Wednesday, May 11, 2016

Culture Release Not Quite As Advertised

Communities, Culture, and Heritage Minister Tony Ince put out a press release today saying jobs in the culture sector have increased in Nova Scotia. This was based on a Statistics Canada release today updating their report with 2013 - 2014 data. You can read Minister Ince's release here or see it below)



It's not clear to me whether this release was put out in error or whether it was just hoped no one would notice that the release, while technically accurate, was a misleading in terms of the trend. The peculiar thing about this release is if you actually follow the link given in the release, the new Statistics Canada data is for 2013 to 2014 not 2010 to 2014. The new data shows a decrease in jobs from 2013 to 2014.

Check it out yourself.
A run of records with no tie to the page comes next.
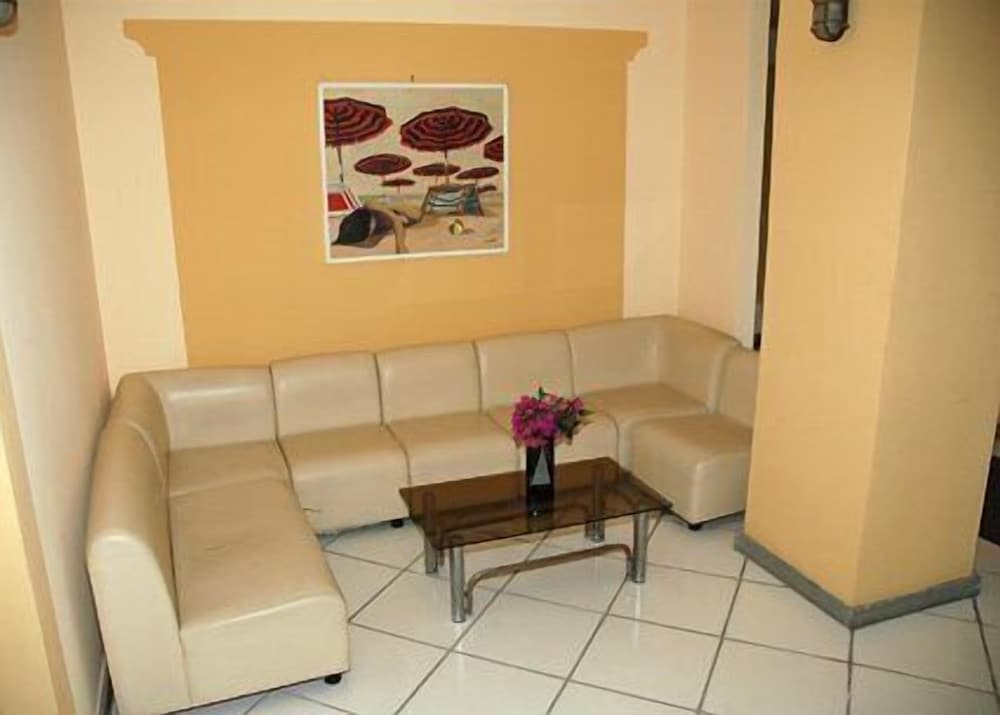 Hotel Seven Residence 2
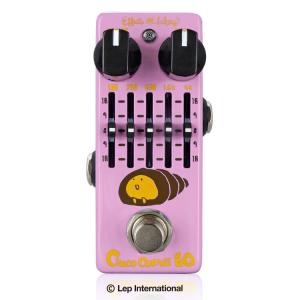 Alexander Pedals Marshmallow《ピッチシフター》《エフェクター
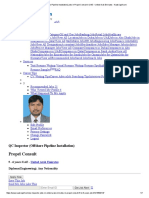 QC Inspector (Offshore Pipeline Installation) jobs in Propel Consult in UAE - United Arab Emirates - Naukrigulf.pdf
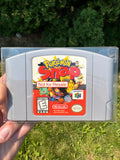 Pokemon Snap [Not for Resale] - Nintendo 64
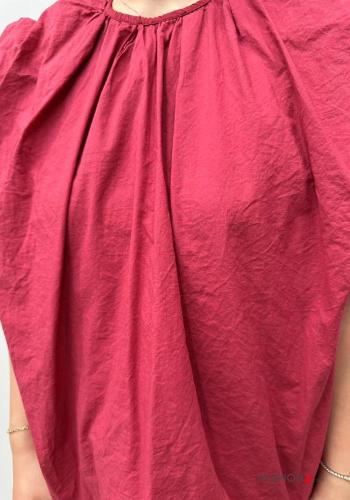 Blusa in Cotone - ph 3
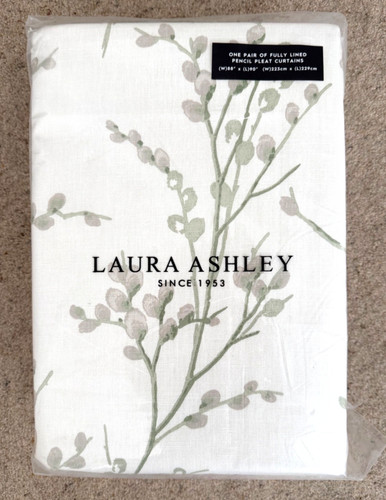 Laura ashley pussy - willow, off
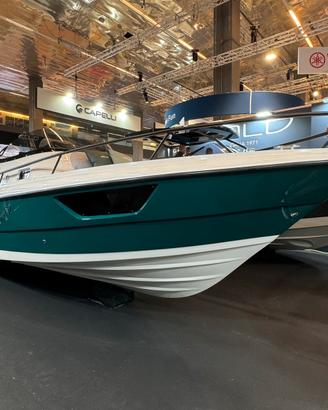 EOLO 7.9 EL Nuova 2026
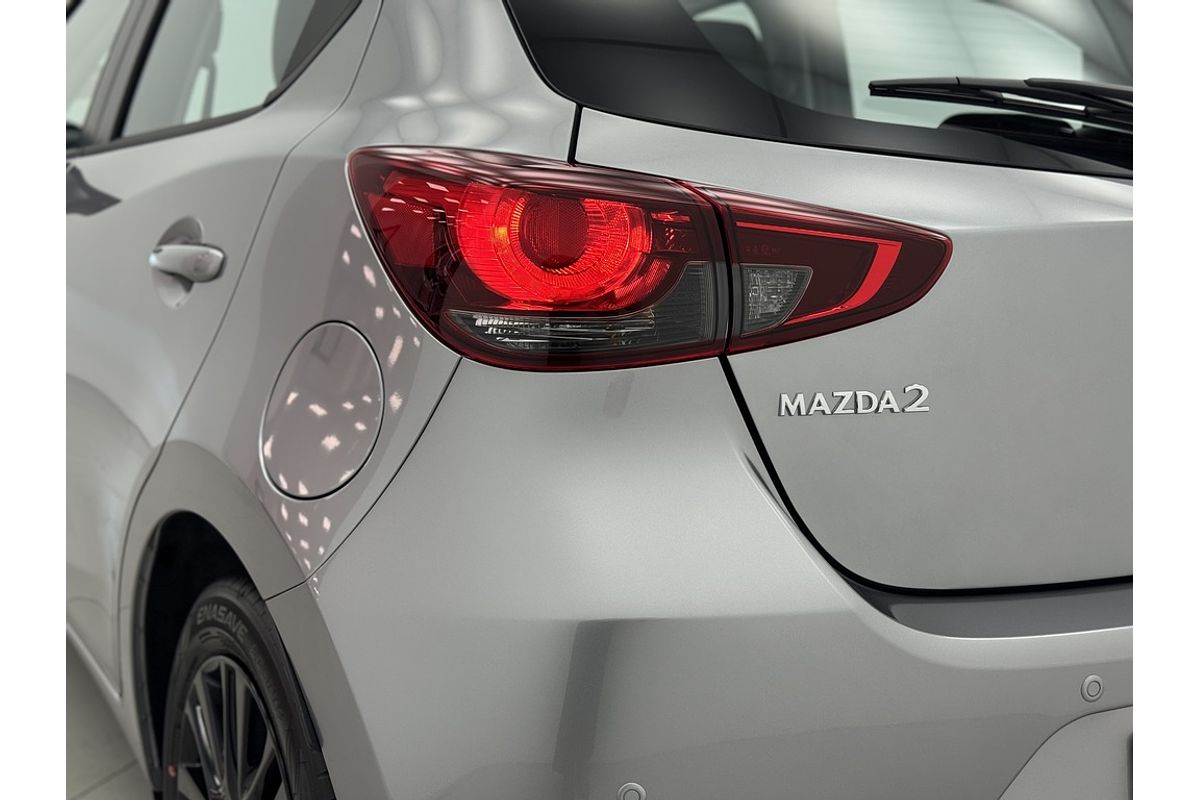 T 6AUTO HATCH G15 EVOLVE T 6AUTO HATCH G15 EVOLVE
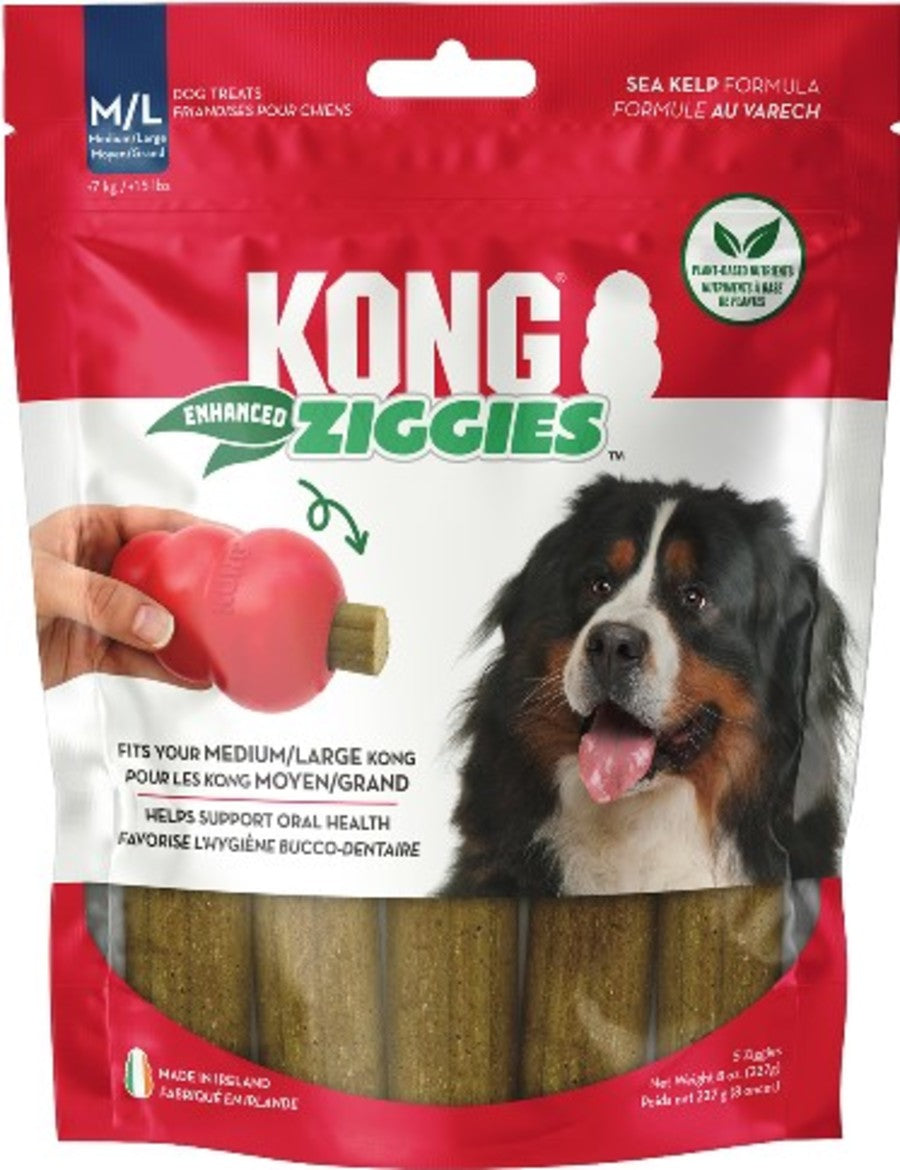 KONG Ziggies Friandises pour Chiens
From the link in the release (click here) you can choose culture or sport. You can read the direct link for culture here. But here's a screen shot.


Rather than showing an increase in culture related jobs in Nova Scotia, the data actually shows a decrease of 1.8% (or a loss of about 250 jobs). Yes, the share of the provincial economy has gone up, however this period reflected the slow down in major employers such as pulp and paper so the share of the economy would have to increase somewhat. The GDP contribution for cultural industries in Nova Scotia did go up by 2.1%, however, you have to consider that Statistics Canada said inflation from 2013 to 2014 (the same period) was 2%. So the net increase in dollar value is 0.1%. You can see Statistics Canada's data on inflation here.

The release is entirely accurate when it says that jobs increased from 2010 to 2014. But the new data from Statistics Canada is not for 2010 to 2014, but 2013 to 2014 which shows a decrease in jobs.In fact, to pull together the data for the longer period, department staff would have had to go beyond the data released by Statistics Canada today, and look at the older data.

Frankly, its not clear why the department put out the release in the first place, because if you were looking for political arguments, the data shows that culture sector jobs increased when the NDP were in power and decreased in the first year of the Liberal government. I have no idea why the Liberal government would want to flag that for people, especially given that this puts in place a benchmark for jobs and GDP value before the changes to the Film Tax Credit took effect.

I asked about this issue in question period today, but as usual there was no answer, and the Minister spent his time thanking anyone he could think about - though, oddly, he left out film in his list of cultural industries.